If you have more than one directory to mirror, add multiple crontab entries (one for each directory) and stagger them by a minute or two. You will also need to have a separate directory for each backup. For example:

30 05 * * * rsync -a --delete garve:/garve1/ert /rsync44/ert/garve1 >>& /dev/null
31 05 * * * rsync -a --delete garve:/garve2/ert /rsync44/ert/garve2 >>& /dev/null
Don't forget to mkdir /rsync44/ert/garve1 and mkdir /rsync44/ert/garve2 first

FAQ

Q: crontab entry there, but doesn't execute.

A: Check that there is a carriage return at the end of the entry. Missing final carriage returns are a particular problem for entries editted with emacs. See the BUGS section of the crontab man pages.

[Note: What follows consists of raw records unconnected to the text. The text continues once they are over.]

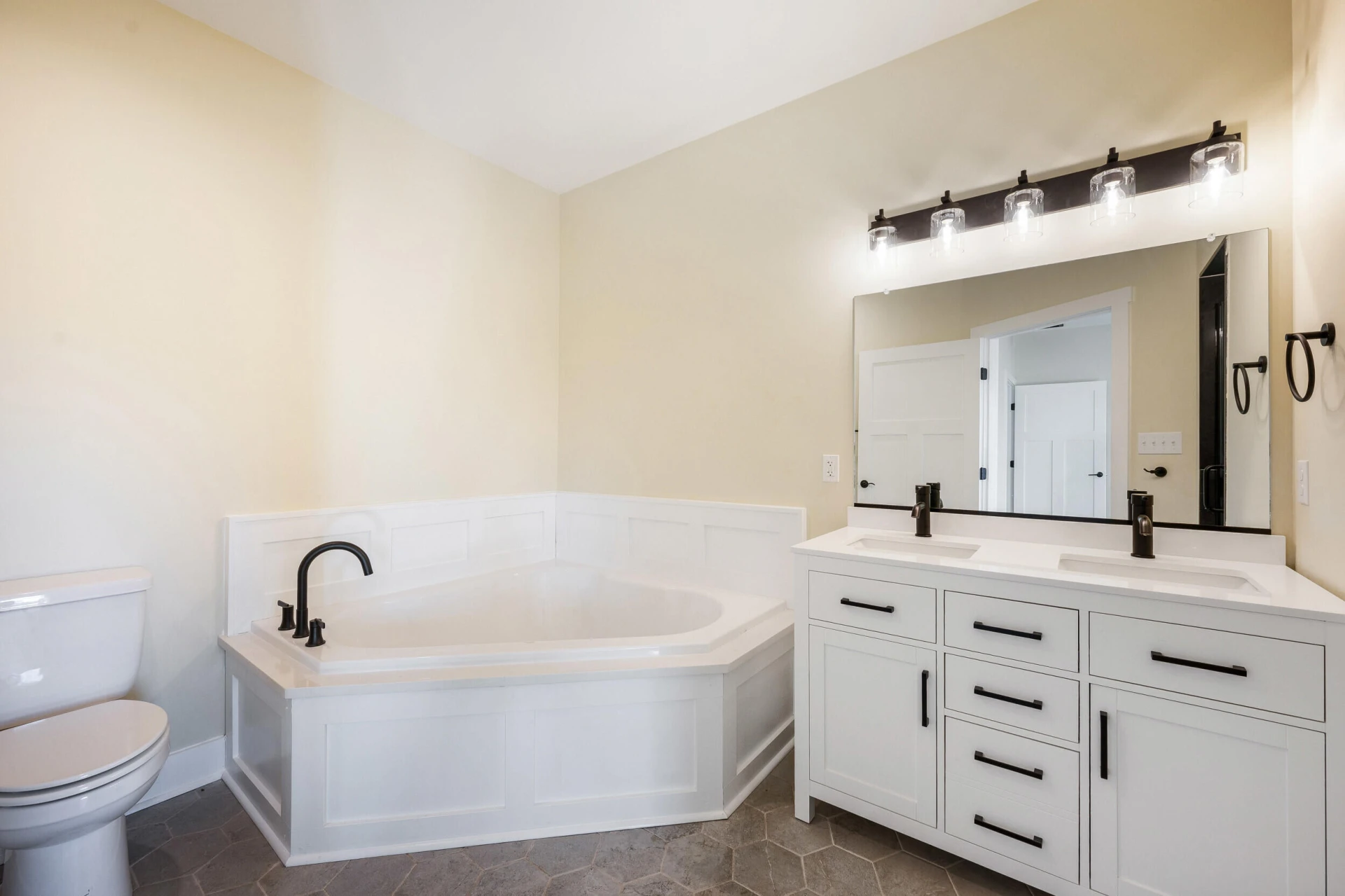 520 Raflo Place AVE - Photo 29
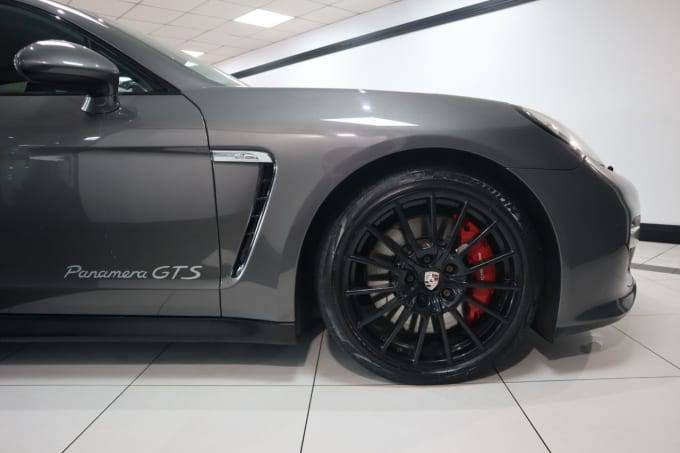 2025 Porsche Panamera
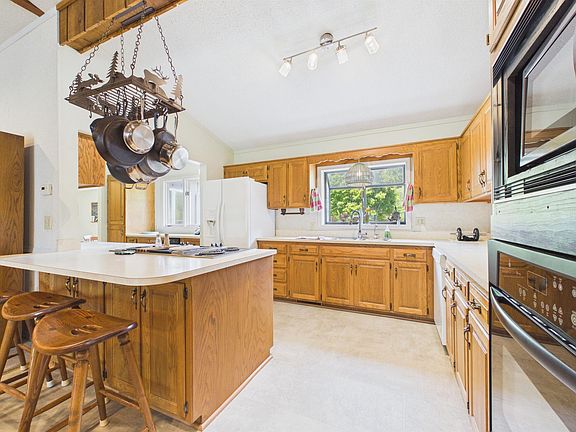 4th image of 136 Looney Ln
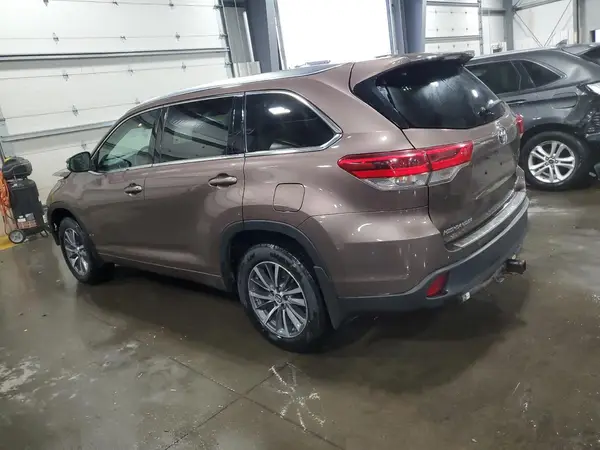 5TDJZRFH7HS378255 2017 TOYOTA HIGHLANDER - Image 2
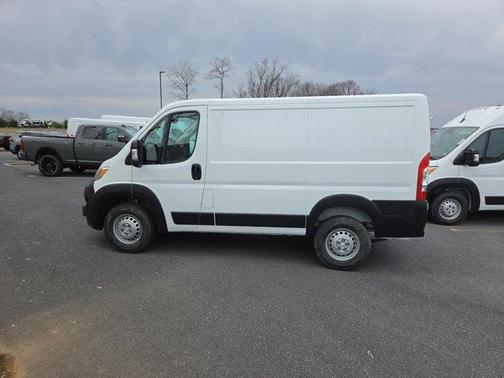 Bright White Clearcoat 2026 RAM ProMaster 1500 Low Roof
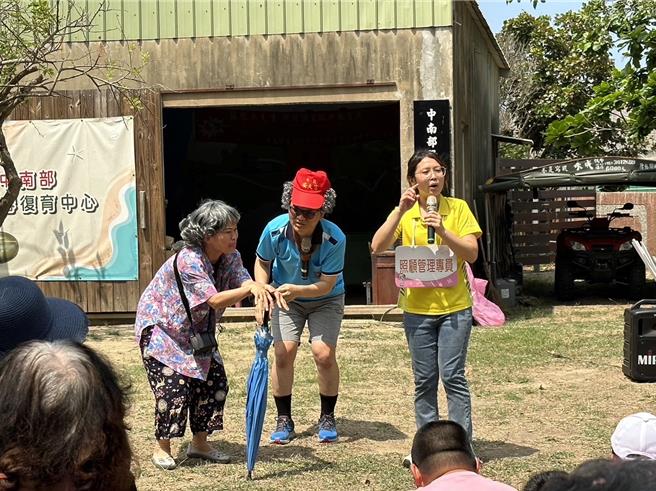 活动也让孩童体验手部不灵活及眼睛老花的不方便。（嘉义县政府提供／吕妍庭嘉义传真）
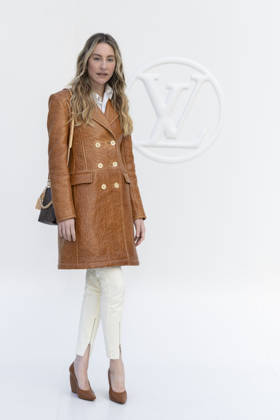 Este Haim at the photocall for the Louis Vuitton Women’s Ready-to-Wear Spring Summer 2027 show during Paris Fashion Week (PFW) at the Cité internationale universitaire de Paris, France, on October 6, 2026. Olivier Borde, Bestimage. Photocall at the Louis Vuitton Women’s Ready-to-Wear Spring Summer 2027 show as part of Paris Fashion Week on October 6, 2026, in Paris, France. Copyright: xOLIVIERxBORDEx xBESTIMAGExOLIVIERxBORDEx xBESTIMAGEx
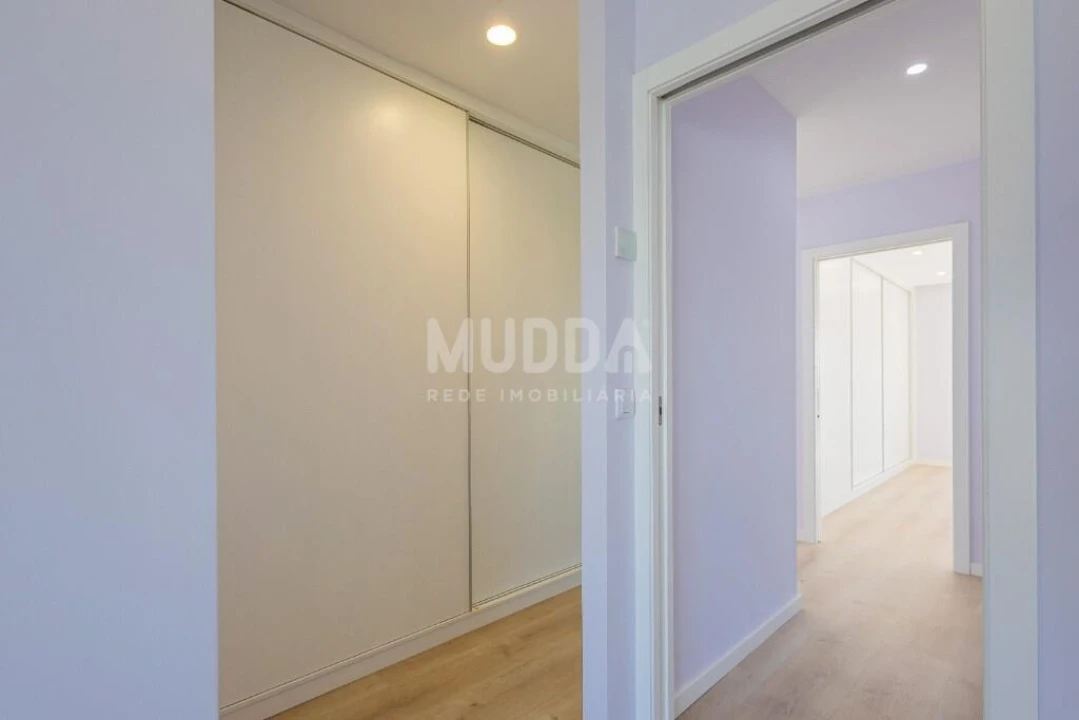 Moradia T4 para Venda em Aradas Foto 19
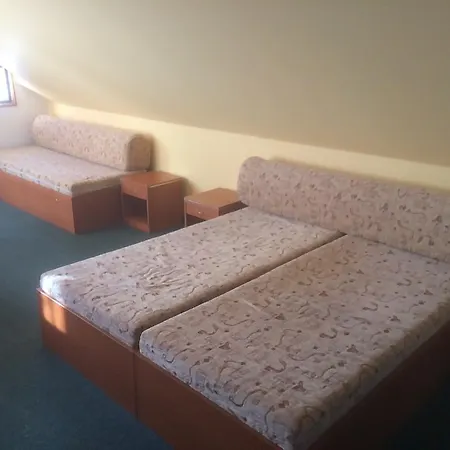 Pensión Podlesí 3*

Q: rsync doesn't work on a Tru64 system. I get the error message:

mull: Connection refused
unexpected EOF in read_timeout

A: The default versions of SSH on the Tru64 systems are not the same as on mull. On the Tru64 systems, you need to explicitly use the version in /usr/local/bin which is OpenSSH, like on mull. Here is an example which backs up my home directory which is hosted on the Tru64 system reaxp05 on the filesystem /starusers/:

 rsync -avz --delete --rsh=/usr/local/bin/ssh /starusers/ert \
       mull:/rsync44/ert/home
Note, this isn't an issue if you run rsync from mull, in which case
 rsync -avz --delete --rsh=ssh reaxp0:/starusers/ert /rsync44/ert/home
works fine provided issuing the command from mull:
 ssh reaxp0 true
returns nothing. Otherwise you will get the error:
 protocol version mismatch - is your shell clean?

Q: How do I exclude files from being backed up?

A: Use the --exclude 'pattern' flag. For example, I want to exclude temporary backup files which have the form PM.bak.0, PM.bak.1, etc. or sometimes just PM.bak so the flags --exclude '*.bak.*' --exclude '*.bak' prevent these files from being backed up.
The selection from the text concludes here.